╭──

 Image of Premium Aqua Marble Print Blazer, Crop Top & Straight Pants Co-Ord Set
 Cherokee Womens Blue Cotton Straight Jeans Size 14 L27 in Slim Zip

╰──
╭──

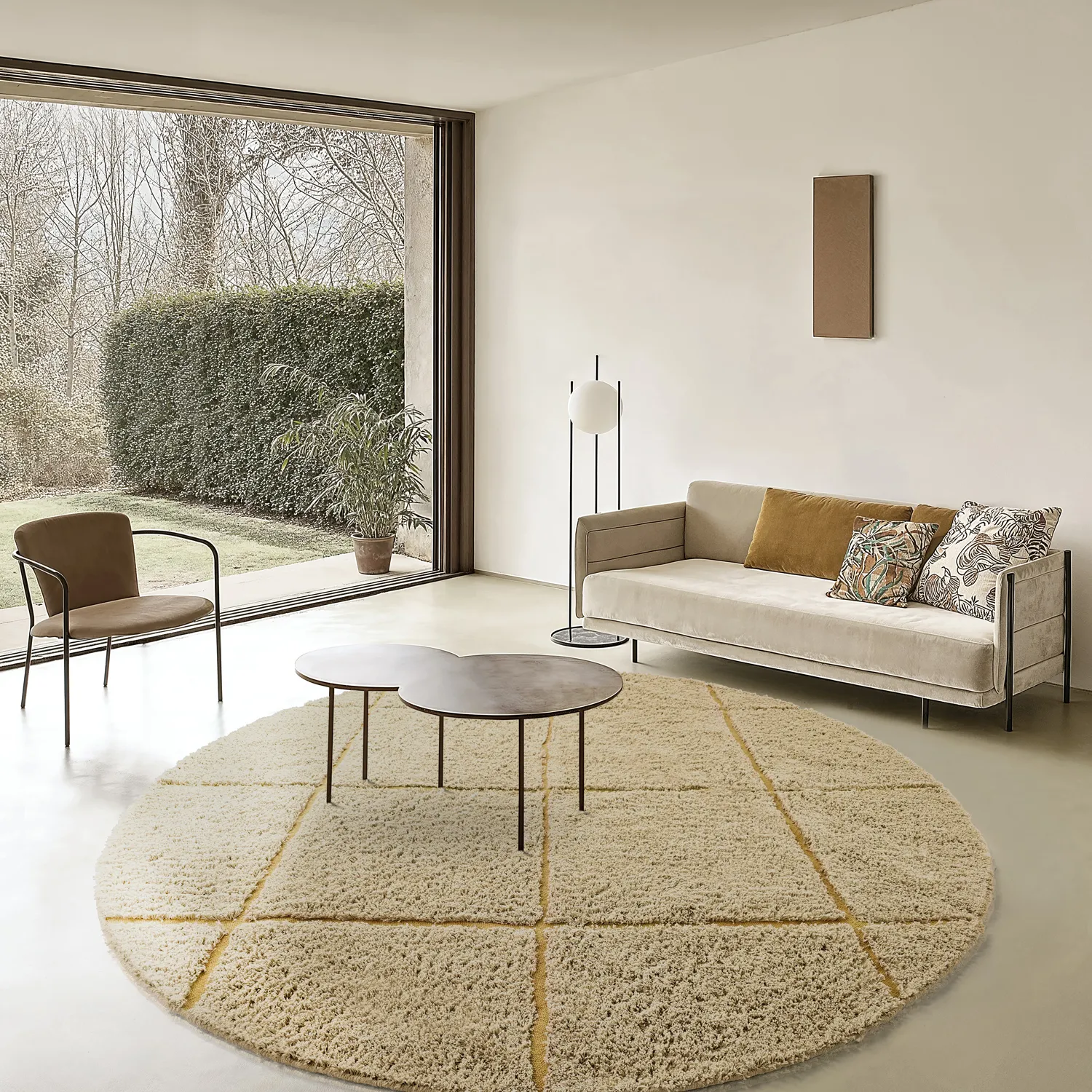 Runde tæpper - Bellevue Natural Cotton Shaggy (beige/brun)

╰──

Exercise prompt
Your answer should consist of the lines from the line with "Image of Premium" to the line with "Cherokee Womens Blue" above, repeated exactly, both ends included.

Task output
 Image of Premium Aqua Marble Print Blazer, Crop Top & Straight Pants Co-Ord Set
 Cherokee Womens Blue Cotton Straight Jeans Size 14 L27 in Slim Zip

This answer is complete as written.